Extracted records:
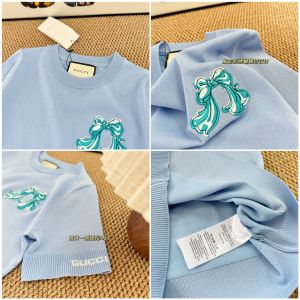 グッチ GUCCI✖️Playful ニット 半袖tシャツ リボン刺繍 可愛い A30380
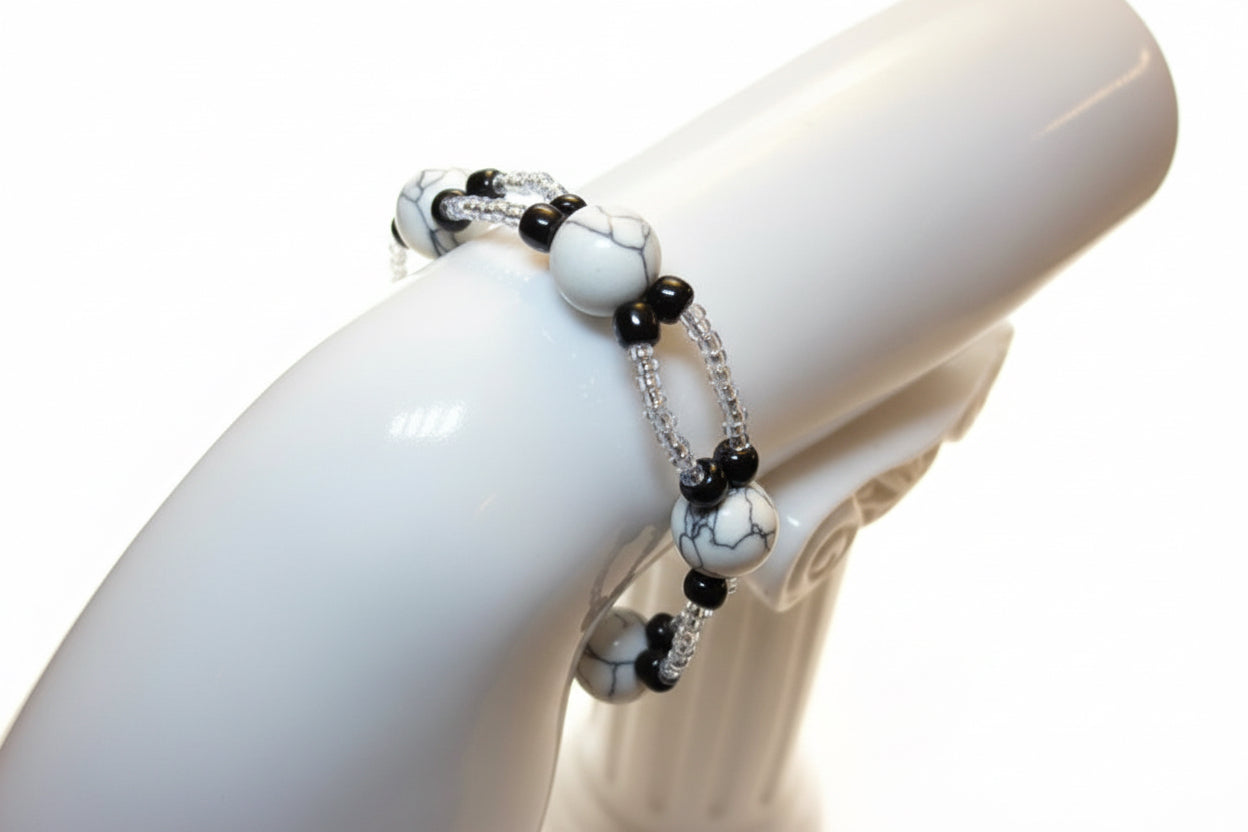 Handmade elasticated double strand bracelet in white/black marbled stone by Majestic Gems by Sarah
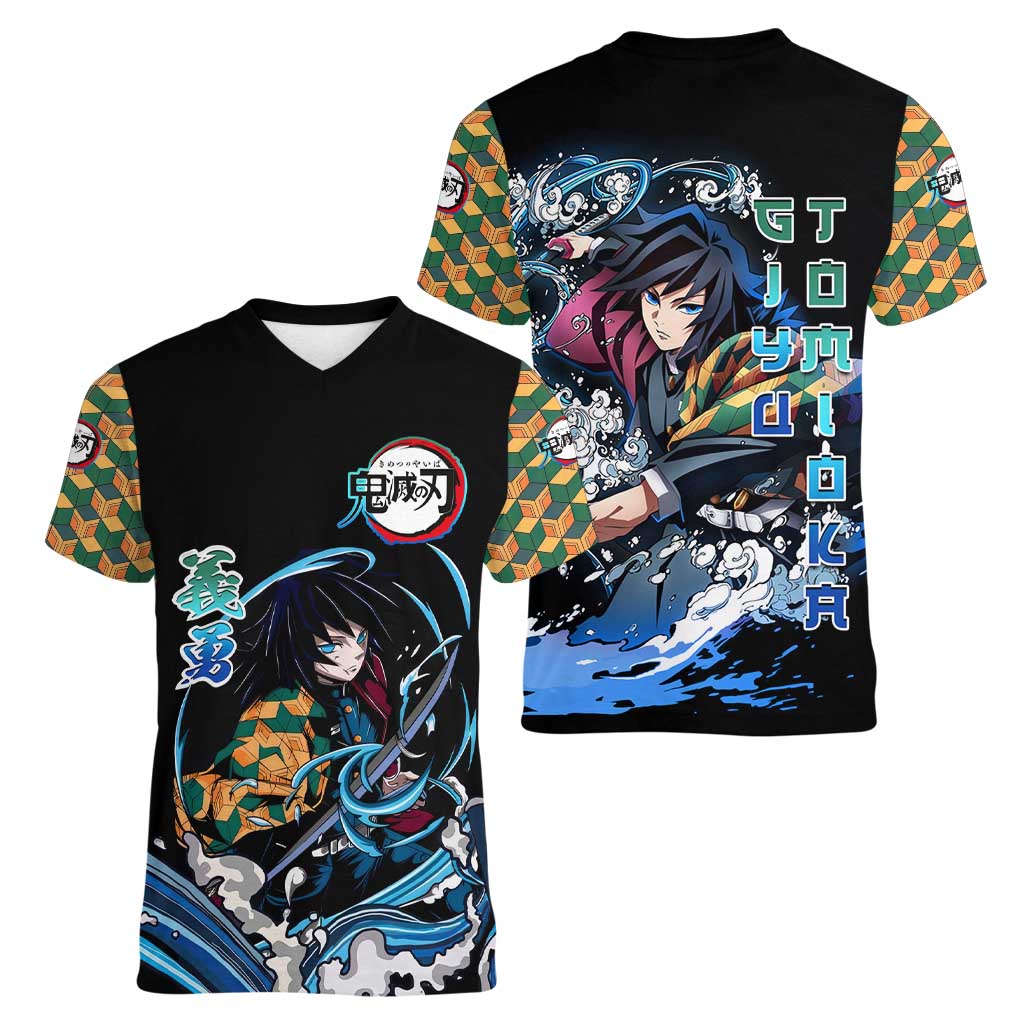 Giyu Tomioka Demon Slayer Women V-Neck T-Shirt with Green and Orange Cube Water Style Design - The Mazicc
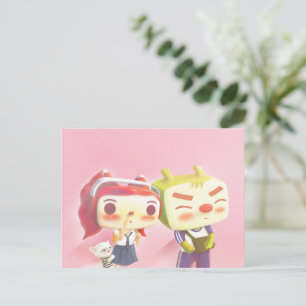 Launische Charaktere mit Katze Ankündigungspostkarte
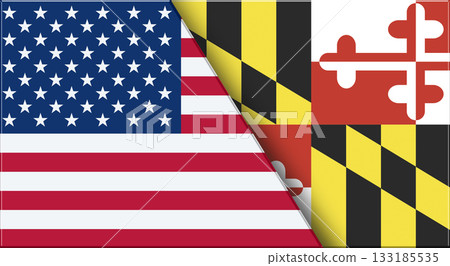 Flags of USA and Maryland. United States and Maryland official flags 133185535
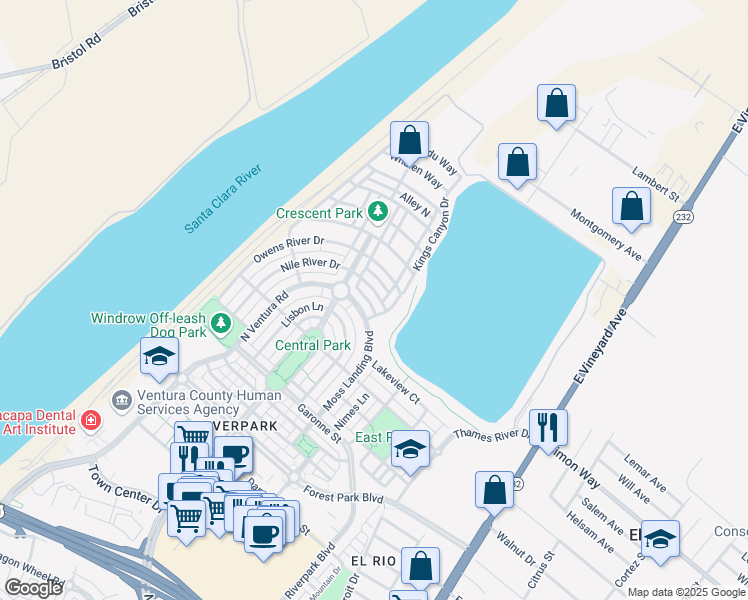 map of restaurants, bars, coffee shops, grocery stores, and more near 520 Nile River Drive in Oxnard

TASK ITEM: Output a verbatim copy of the entries and skip the pictures.

ANSWER BOX:
 グッチ GUCCI✖️Playful ニット 半袖tシャツ リボン刺繍 可愛い A30380
 Handmade elasticated double strand bracelet in white/black marbled stone by Majestic Gems by Sarah
 Giyu Tomioka Demon Slayer Women V-Neck T-Shirt with Green and Orange Cube Water Style Design - The Mazicc
 Launische Charaktere mit Katze Ankündigungspostkarte
 Flags of USA and Maryland. United States and Maryland official flags 133185535
 map of restaurants, bars, coffee shops, grocery stores, and more near 520 Nile River Drive in Oxnard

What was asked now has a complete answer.